Gwen rested her elbows on her knees, leaning forward and cupping the beer bottle between both hands. “I don’t see where that’s any of your business.” Gwen gave him a smile, all teeth.
Lucas turned around from the mirror and walked closer in lazy steps that gave his hips a feline sway; Gwen could practically see the twitching tail, as if he were about to pounce. He plucked the beer bottle out of Gwen’s hands with long elegant fingers and drank from it, the swallow shivering the white line of his throat. “Could make it my business,” he said.
“You really couldn’t,” she said, leaning back against the couch as if she hadn’t a care in the world. She reached up and took the bottle back. “And I’m pretty sure beer isn’t part of your sobriety plan.” The sensible side of her demanded to know what the hell she thought she was doing, issuing that sort of invitation, but the puls
e racing in her ears drowned it out.
“It was just one drink. A little bit of anything never hurt anyone, did it?” He wasn’t talking about alcohol, or even coke, not the way his gaze moved over her body.
She fought to keep her expression neutral. “In this case, I’d say a little bit is too much.”
“You sure?” She wasn’t surprised when he straddled her knees as he spoke, leaning over her with his hands to either side of her head. “Because you seemed interested the first night we met.”
“Do you do this to everyone, or am I a special case?” She held on to her composure and simply looked up at him.
Lucas leaned in, and the scent of sweat and leather mingled with the smell of the spilled beer trickling on the couch from someone’s forgotten bottle. The combination shouldn’t have been arousing, but it was. Then there was that low chuckle close to Gwen’s ear. “Oh, you’re something special, all right.” He licked at her earlobe, and she fought a gasp. He drew back to speak, but she pulled him to her. His mouth was hot and wet and perfect against hers, and it had been so ridiculously long since she’d been properly kissed.
Gwen curled her fingers in his damp hair and held him there, kissing and biting at his lips until she couldn’t breathe. Stop. You need to stop. Her body tingled from head to toe. It was going too fast, and she needed to think this through. Lucas settled into her lap, and the discreet little roll of his hips left no doubt where he thought this was headed. Which was why Gwen reacted the way she did, pushing at his chest. “Lucas, get off.”
He grinned down at her wickedly, his eyes dark and hungry. “I was trying.”
Gwen gritted her teeth. “Get off my lap.”
Lucas drew back and gave her a second’s worth of a pout, followed by a slow, molasses-dark smile. “Make me.”
It was a simple thing really, to catch one of his wrists in her left hand and to press it up and behind Lucas’s back, just so.

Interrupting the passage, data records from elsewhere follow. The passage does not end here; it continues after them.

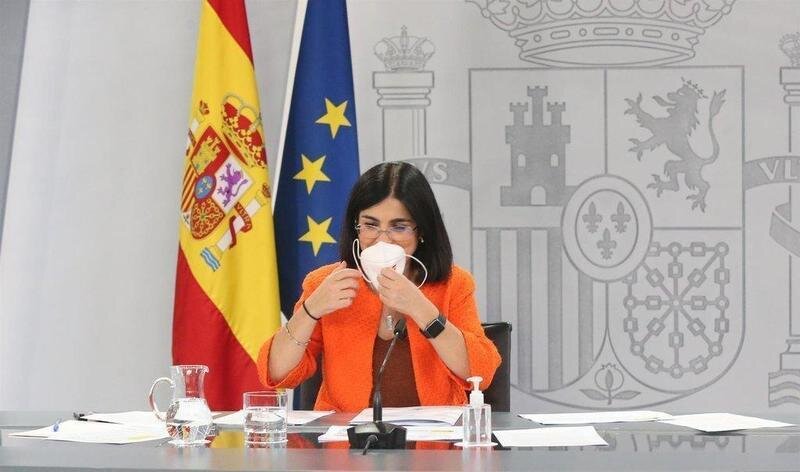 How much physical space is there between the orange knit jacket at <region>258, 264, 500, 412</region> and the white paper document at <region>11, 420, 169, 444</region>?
21.6 inches

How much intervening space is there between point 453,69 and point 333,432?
78.5 inches

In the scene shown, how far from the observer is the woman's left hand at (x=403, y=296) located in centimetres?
227

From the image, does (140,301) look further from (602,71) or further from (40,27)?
(602,71)

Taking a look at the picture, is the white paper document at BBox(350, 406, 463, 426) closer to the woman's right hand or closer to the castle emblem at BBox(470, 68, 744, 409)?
the woman's right hand

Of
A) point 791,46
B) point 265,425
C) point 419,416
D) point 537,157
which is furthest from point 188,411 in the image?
point 791,46

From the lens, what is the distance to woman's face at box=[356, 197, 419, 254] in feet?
8.07

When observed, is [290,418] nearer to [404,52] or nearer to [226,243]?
[226,243]

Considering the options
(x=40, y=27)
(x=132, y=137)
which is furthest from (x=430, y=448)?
(x=40, y=27)

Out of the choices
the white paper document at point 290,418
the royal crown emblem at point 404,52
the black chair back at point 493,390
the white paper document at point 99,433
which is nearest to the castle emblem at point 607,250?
the royal crown emblem at point 404,52

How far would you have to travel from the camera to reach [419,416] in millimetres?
Answer: 2006

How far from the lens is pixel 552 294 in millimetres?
3459

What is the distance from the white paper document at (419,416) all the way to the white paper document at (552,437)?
18 cm

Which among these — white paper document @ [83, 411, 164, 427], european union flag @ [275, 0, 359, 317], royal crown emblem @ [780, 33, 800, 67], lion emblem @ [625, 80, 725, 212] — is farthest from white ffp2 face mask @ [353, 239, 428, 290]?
royal crown emblem @ [780, 33, 800, 67]

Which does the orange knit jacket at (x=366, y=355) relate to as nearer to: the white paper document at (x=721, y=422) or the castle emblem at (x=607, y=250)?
the white paper document at (x=721, y=422) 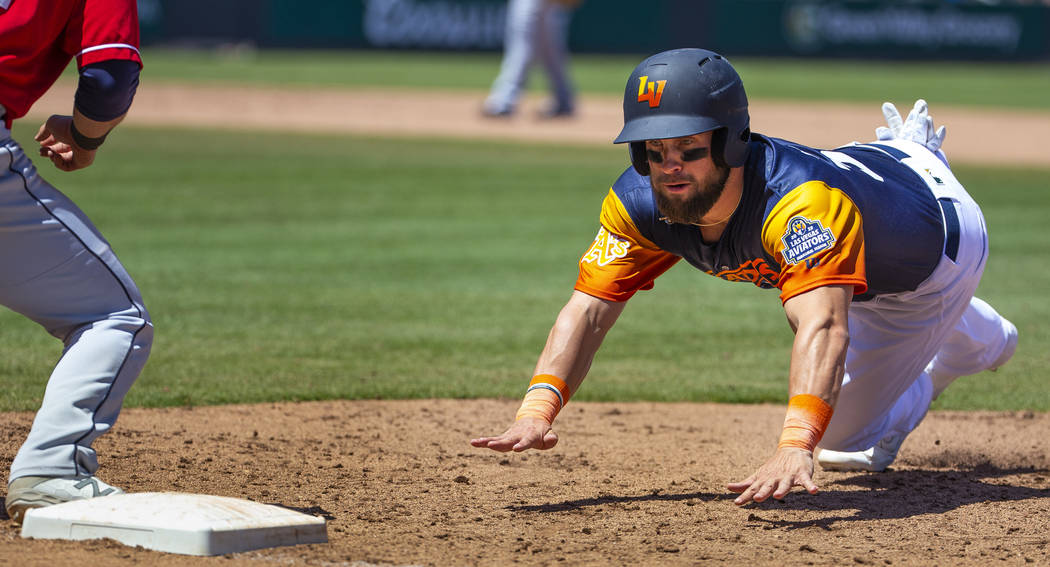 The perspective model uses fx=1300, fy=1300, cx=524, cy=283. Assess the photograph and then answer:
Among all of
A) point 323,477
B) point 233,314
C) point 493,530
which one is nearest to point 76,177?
point 233,314

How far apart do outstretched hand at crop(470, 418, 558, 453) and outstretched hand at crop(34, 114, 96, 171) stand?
4.81 ft

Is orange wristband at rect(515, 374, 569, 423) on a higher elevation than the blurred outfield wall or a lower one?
higher

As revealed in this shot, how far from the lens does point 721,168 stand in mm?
3967

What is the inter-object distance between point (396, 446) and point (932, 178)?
2272mm

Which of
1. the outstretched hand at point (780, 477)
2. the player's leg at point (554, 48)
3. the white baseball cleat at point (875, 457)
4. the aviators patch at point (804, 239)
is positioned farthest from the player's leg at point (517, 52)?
the outstretched hand at point (780, 477)

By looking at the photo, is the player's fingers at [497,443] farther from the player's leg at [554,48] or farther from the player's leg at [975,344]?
the player's leg at [554,48]

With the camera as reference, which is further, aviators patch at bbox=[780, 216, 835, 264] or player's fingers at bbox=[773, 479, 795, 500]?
aviators patch at bbox=[780, 216, 835, 264]

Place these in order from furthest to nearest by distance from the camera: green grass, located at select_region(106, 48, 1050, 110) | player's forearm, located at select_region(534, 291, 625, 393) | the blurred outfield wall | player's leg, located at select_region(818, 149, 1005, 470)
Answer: the blurred outfield wall, green grass, located at select_region(106, 48, 1050, 110), player's leg, located at select_region(818, 149, 1005, 470), player's forearm, located at select_region(534, 291, 625, 393)

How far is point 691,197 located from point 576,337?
2.10 ft

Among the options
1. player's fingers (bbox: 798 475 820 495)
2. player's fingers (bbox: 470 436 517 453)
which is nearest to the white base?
player's fingers (bbox: 470 436 517 453)

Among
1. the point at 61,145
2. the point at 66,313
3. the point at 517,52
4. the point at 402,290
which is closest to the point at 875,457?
the point at 66,313

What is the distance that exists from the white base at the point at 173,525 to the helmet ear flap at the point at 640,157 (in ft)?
4.85

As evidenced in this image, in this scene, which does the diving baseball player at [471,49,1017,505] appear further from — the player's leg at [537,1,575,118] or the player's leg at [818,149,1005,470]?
the player's leg at [537,1,575,118]

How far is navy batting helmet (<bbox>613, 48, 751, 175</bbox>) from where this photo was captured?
3.89 m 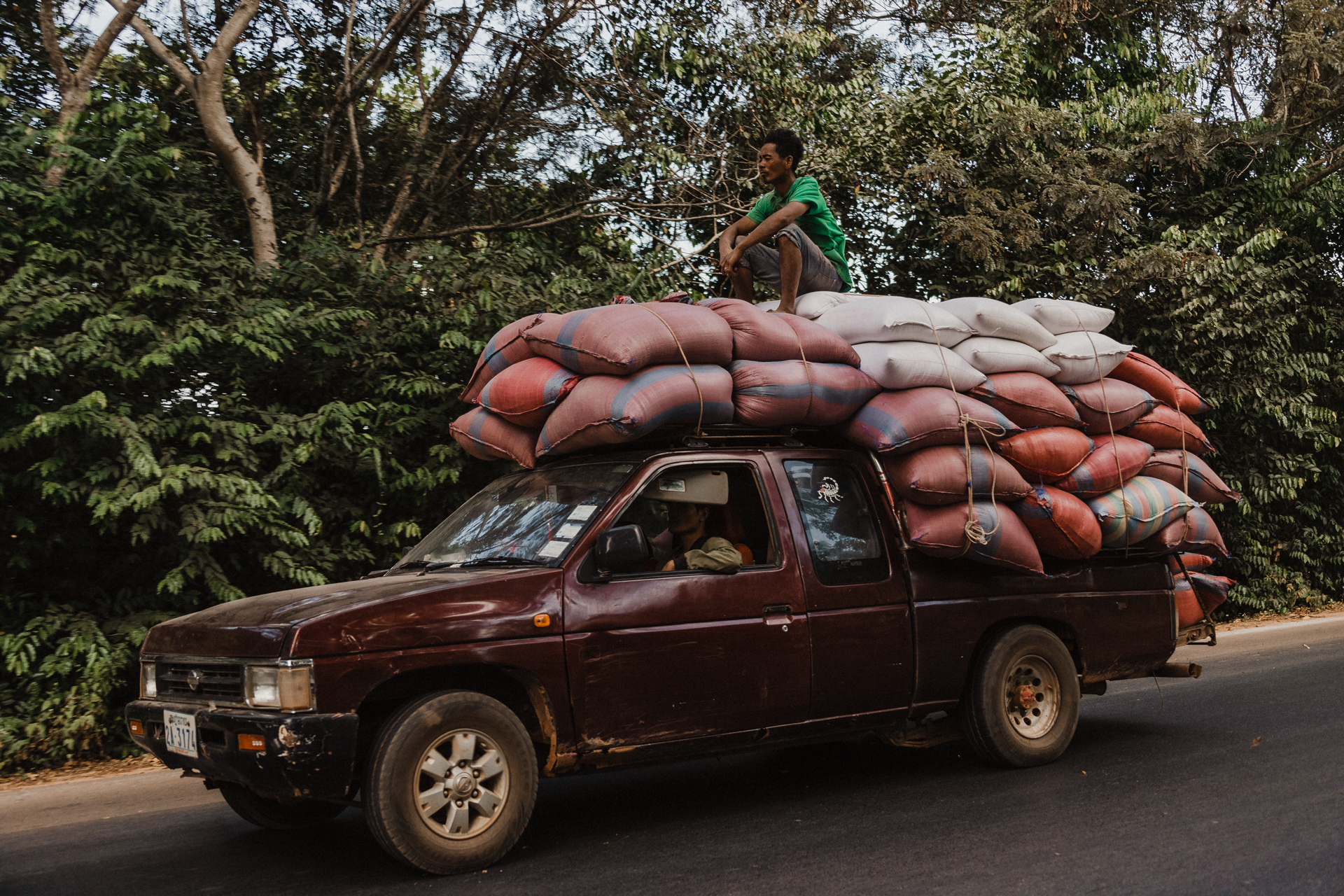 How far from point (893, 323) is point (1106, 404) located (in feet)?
→ 5.07

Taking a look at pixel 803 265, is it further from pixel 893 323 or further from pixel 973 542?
pixel 973 542

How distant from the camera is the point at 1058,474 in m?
6.20

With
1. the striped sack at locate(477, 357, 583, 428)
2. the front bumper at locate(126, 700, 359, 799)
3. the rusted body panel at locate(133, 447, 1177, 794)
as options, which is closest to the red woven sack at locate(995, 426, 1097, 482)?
the rusted body panel at locate(133, 447, 1177, 794)

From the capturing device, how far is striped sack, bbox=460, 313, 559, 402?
5.92m

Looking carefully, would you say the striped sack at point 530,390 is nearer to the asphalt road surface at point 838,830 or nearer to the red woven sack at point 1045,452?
the asphalt road surface at point 838,830

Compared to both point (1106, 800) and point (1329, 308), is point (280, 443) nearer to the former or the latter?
point (1106, 800)

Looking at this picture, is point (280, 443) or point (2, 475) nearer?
point (2, 475)

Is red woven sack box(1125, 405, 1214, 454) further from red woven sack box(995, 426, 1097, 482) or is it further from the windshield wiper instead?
the windshield wiper

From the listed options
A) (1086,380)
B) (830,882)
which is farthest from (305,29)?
(830,882)

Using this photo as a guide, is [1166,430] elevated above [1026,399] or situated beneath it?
situated beneath

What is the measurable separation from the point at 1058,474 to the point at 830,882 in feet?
9.57

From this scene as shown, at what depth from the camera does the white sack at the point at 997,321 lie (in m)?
6.30

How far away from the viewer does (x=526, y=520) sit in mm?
5164

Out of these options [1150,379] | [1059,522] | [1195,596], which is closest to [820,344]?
[1059,522] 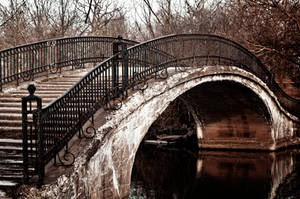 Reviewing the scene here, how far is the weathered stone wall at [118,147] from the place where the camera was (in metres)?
6.18

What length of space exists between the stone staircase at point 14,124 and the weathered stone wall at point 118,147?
2.55ft

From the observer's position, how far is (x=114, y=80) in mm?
8039

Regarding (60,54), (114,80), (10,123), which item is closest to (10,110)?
(10,123)

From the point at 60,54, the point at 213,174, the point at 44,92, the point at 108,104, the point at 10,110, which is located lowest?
the point at 213,174

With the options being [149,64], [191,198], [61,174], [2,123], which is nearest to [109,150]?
[61,174]

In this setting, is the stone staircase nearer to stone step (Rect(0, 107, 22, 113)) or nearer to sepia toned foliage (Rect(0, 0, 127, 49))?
stone step (Rect(0, 107, 22, 113))

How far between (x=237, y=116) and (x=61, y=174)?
45.3ft

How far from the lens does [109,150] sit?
7.29 meters

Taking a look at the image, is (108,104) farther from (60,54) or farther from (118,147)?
(60,54)

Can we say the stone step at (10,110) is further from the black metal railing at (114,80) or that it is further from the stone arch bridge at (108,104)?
the black metal railing at (114,80)

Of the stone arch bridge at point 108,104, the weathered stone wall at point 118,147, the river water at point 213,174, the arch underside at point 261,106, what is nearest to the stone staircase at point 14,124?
the stone arch bridge at point 108,104

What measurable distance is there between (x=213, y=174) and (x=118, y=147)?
7.64 meters

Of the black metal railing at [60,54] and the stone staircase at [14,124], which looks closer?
the stone staircase at [14,124]

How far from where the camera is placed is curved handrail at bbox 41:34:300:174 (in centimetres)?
630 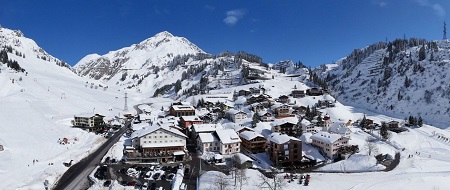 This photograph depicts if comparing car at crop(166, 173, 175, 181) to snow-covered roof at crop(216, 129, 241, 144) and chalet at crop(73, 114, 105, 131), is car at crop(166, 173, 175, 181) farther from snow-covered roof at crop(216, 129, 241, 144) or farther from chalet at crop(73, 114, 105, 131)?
chalet at crop(73, 114, 105, 131)

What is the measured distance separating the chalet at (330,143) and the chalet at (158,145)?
33443 mm

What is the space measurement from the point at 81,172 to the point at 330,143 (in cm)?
5318

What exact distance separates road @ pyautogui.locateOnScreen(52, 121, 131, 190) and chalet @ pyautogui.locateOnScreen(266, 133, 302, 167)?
37.4 meters

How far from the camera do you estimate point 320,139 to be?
220ft

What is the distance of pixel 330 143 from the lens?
6372cm

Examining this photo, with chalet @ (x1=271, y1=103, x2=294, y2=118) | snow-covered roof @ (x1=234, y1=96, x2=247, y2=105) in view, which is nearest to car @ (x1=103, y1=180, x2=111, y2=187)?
chalet @ (x1=271, y1=103, x2=294, y2=118)

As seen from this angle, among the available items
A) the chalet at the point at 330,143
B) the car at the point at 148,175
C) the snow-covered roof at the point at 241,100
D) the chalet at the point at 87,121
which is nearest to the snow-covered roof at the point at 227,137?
the car at the point at 148,175

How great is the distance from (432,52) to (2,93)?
227704mm

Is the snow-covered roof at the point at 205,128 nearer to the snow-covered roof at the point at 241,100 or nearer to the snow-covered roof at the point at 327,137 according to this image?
the snow-covered roof at the point at 327,137

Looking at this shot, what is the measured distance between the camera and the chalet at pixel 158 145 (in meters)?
58.0

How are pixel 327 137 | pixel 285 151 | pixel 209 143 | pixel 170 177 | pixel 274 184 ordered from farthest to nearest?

Just enough for leverage. It didn’t matter if he was a good seven inches taller than she was, or if he outweighed her by at least fifty pounds—Lucas had to stand or be hurt. She followed him to his feet, keeping his wrist pinned behind him, which also pinned their bodies together. Her eyes were about level with his chest, but height had long since ceased to be a disadvantage for her. “I don’t know what game you think you’re playing,” Gwen said. “When I say stop, you stop. Do you understand?”